Image-caption web data
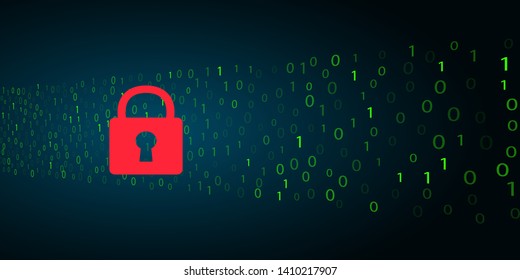 Closed Padlock on binary code digital technology background. Safety concept of cyber security.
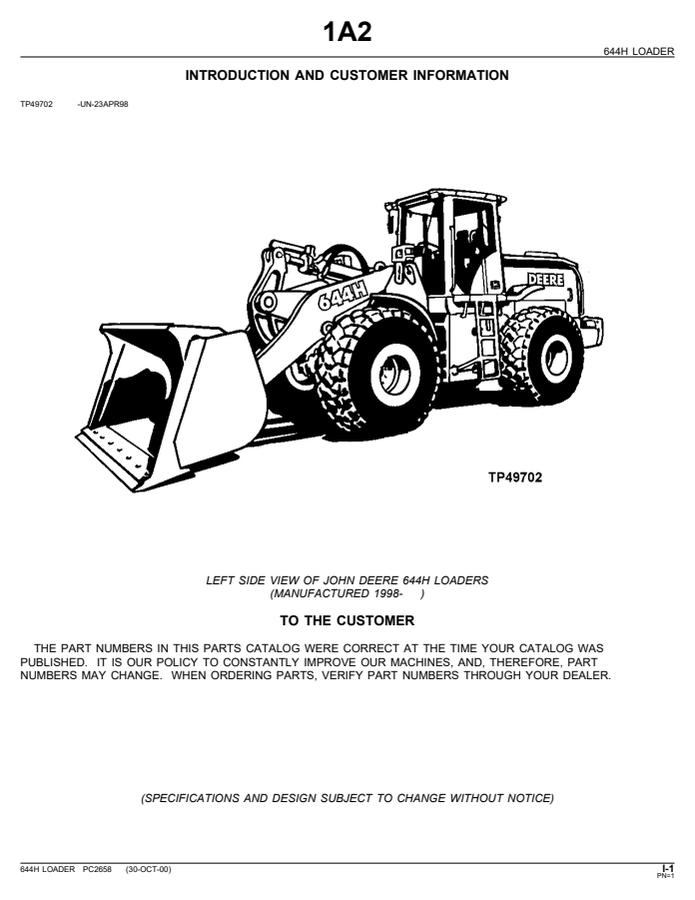 John Deere 644H Loader Parts catalog PC2658 — actual manual cover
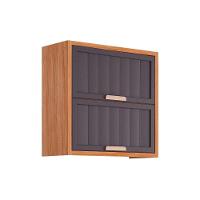 Armário De Cozinha Modulado Estela C- 2 Portas Basculantes Ripada 80 Cm Cinamomo-titanium - Mgm - 1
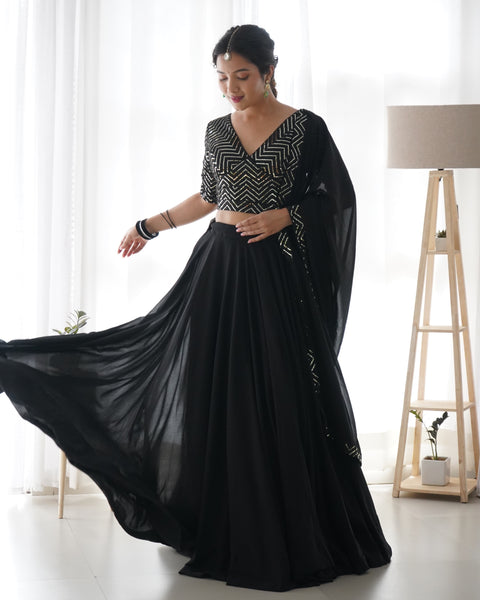 Black Elegant Pure Soft Fox Georgette Lehenga Choli with Designer Blouse and Dupatta – Fully Stitched, Ready to Wear Main image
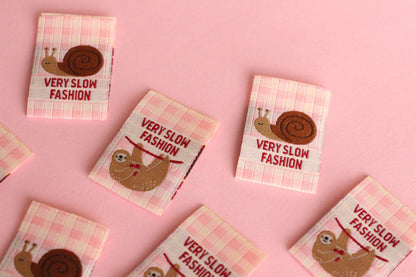 Funny Woven Sewing Labels – Pack of 6 Snail & Sloth “Very Slow Fashion” Tags, Labels for Quilting, Knitting and Crochet - The Cosy Club Handmade
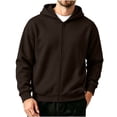 thumbnail image 1 of FRSASU Men's Zip Up Plain Hooded Sweatshirts Casual Long Sleeve Fleece Hoodie with Kangaroo Pockets Coffee, 1 of 6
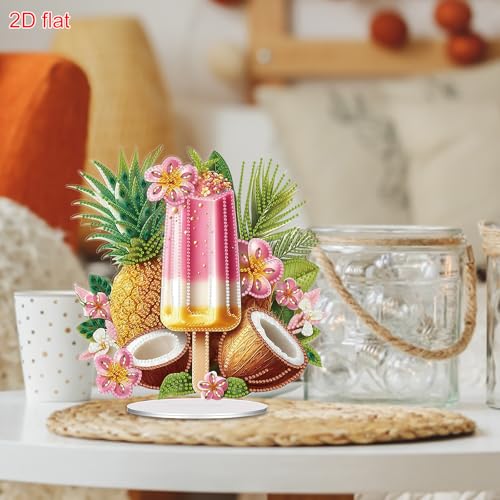 POETRYDRAW Diamond Art Ornament Desktop Kit Ice Cream Fruit, Stand Up Diamonds Painting Ornament for Adults, 5D DIY Special Diamond Gem Craft Tabletop Placement Board Kit - color: Ice Cream Fruit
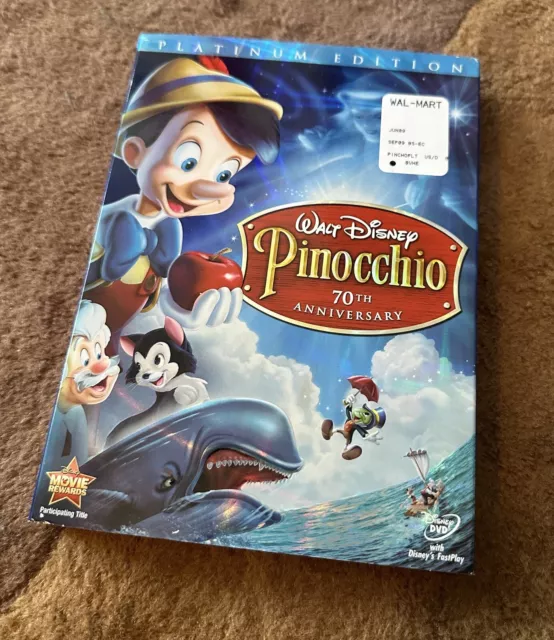 Disney Pinocchio (DVD 2009 2-Disc 70th Anniversary Platinum Edition) NEW SEALED
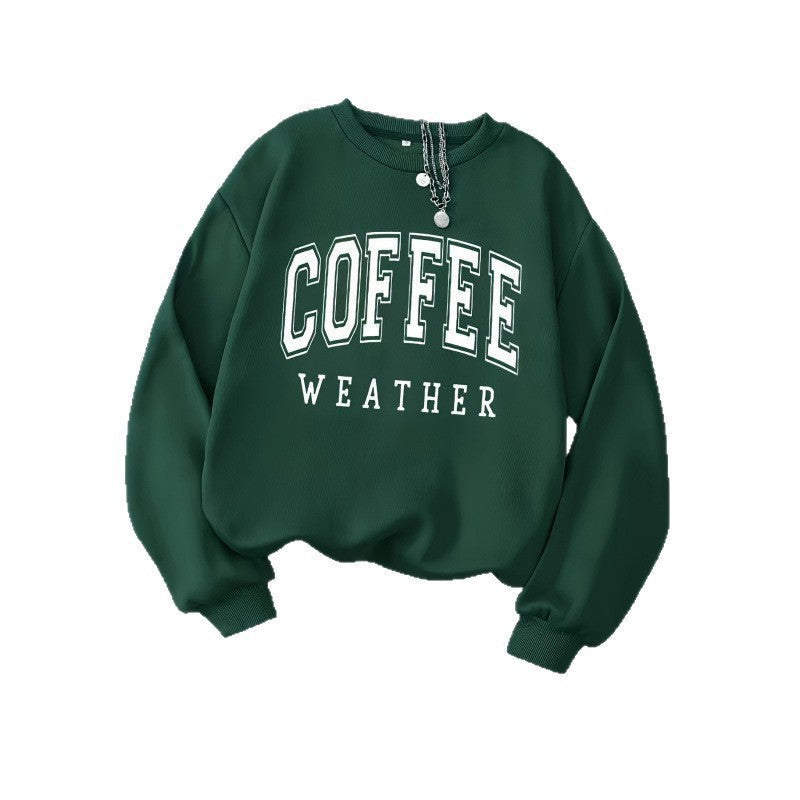 Damen Sweatshirt Coffee Weather Aufdruck Eveloria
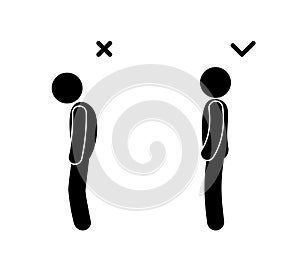 Correct posture illustration, spine curvature icon, man stands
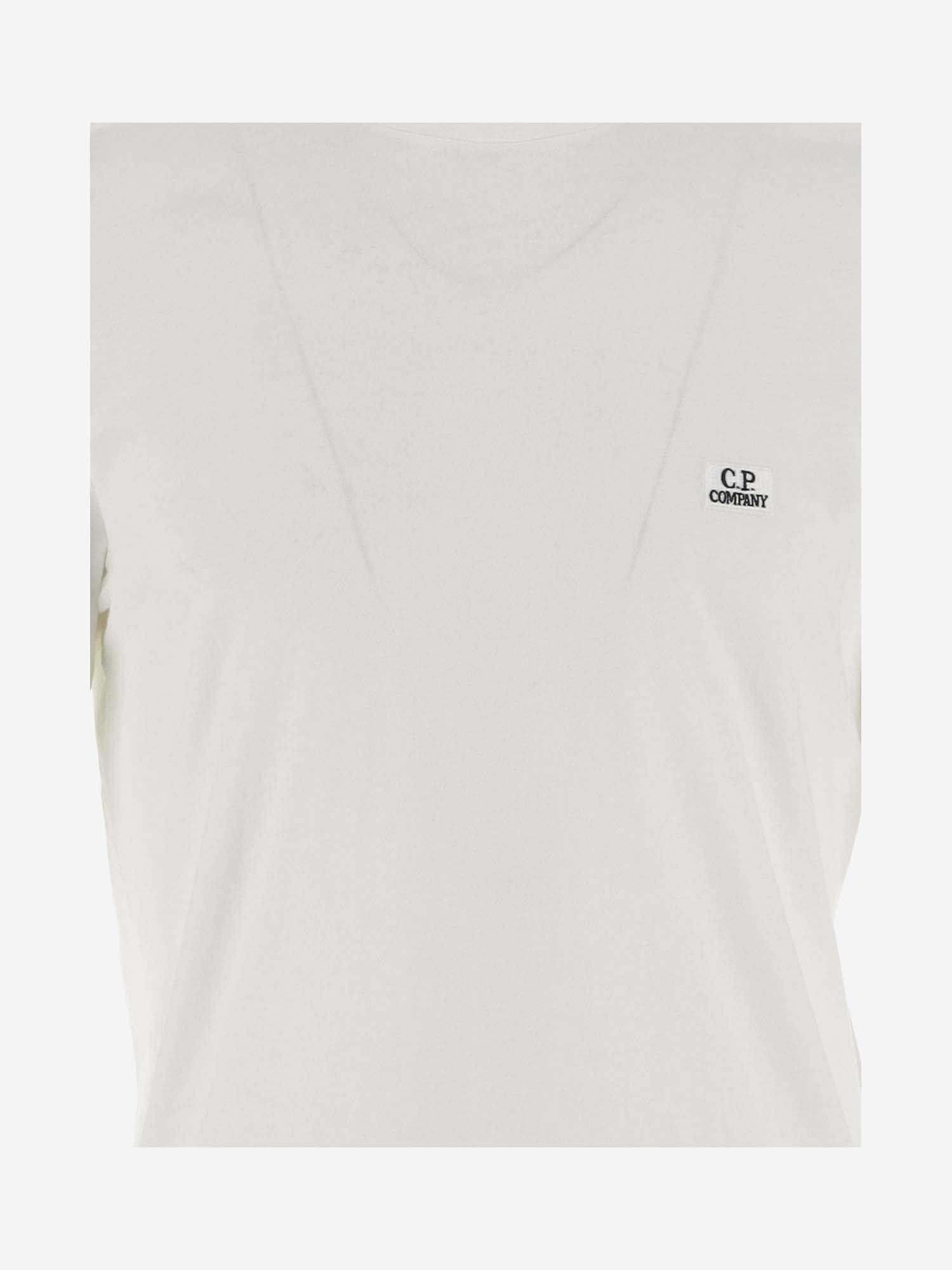 Shop C.p. Company Logo Cotton T-shirt In Bianco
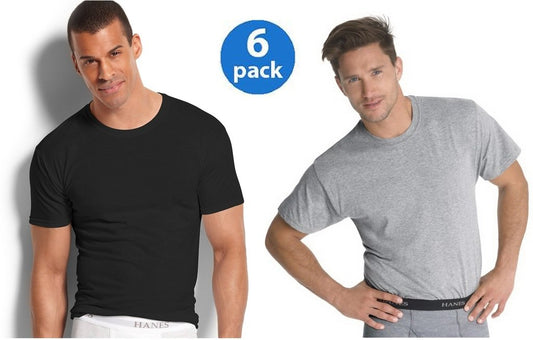 Hanes Men's 6Pack Crew Neck Tagless Black-Grey Undershirts Crewneck T-Shirt 4XL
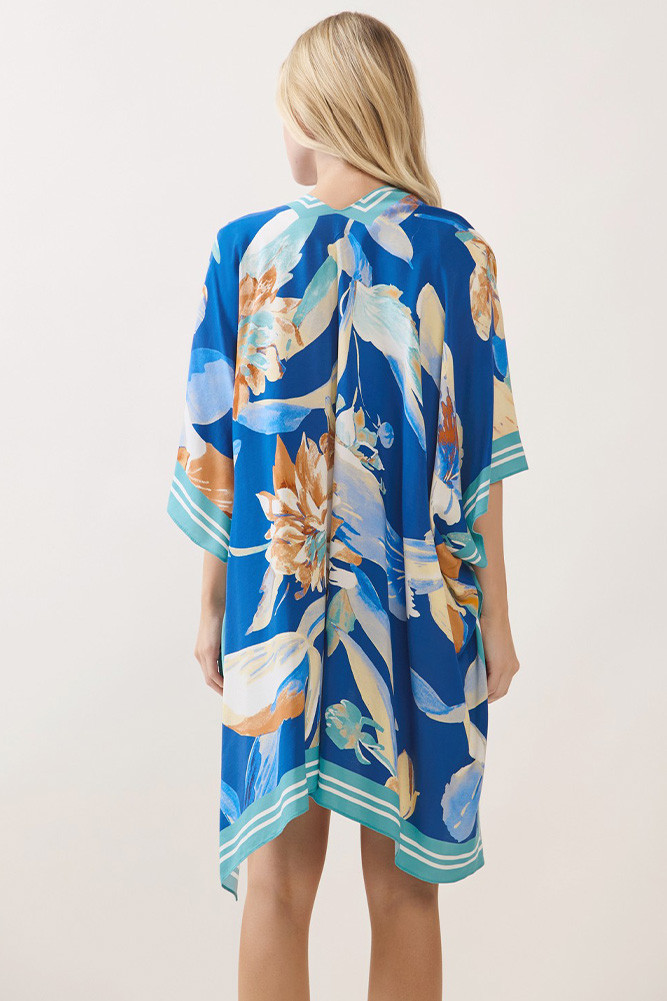 Women's Bohemian Floral Print Kimono Cover-Up in Blue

Problem statement ▸ Working from the line with "thumbnail image 1" down through the last line of the records, give every line again exactly, but no pictures.

Exercise response ▸
 thumbnail image 1 of FRSASU Men's Zip Up Plain Hooded Sweatshirts Casual Long Sleeve Fleece Hoodie with Kangaroo Pockets Coffee, 1 of 6
 POETRYDRAW Diamond Art Ornament Desktop Kit Ice Cream Fruit, Stand Up Diamonds Painting Ornament for Adults, 5D DIY Special Diamond Gem Craft Tabletop Placement Board Kit - color: Ice Cream Fruit
 Disney Pinocchio (DVD 2009 2-Disc 70th Anniversary Platinum Edition) NEW SEALED
 Damen Sweatshirt Coffee Weather Aufdruck Eveloria
 Correct posture illustration, spine curvature icon, man stands
 Shop C.p. Company Logo Cotton T-shirt In Bianco
 Hanes Men's 6Pack Crew Neck Tagless Black-Grey Undershirts Crewneck T-Shirt 4XL
 Women's Bohemian Floral Print Kimono Cover-Up in Blue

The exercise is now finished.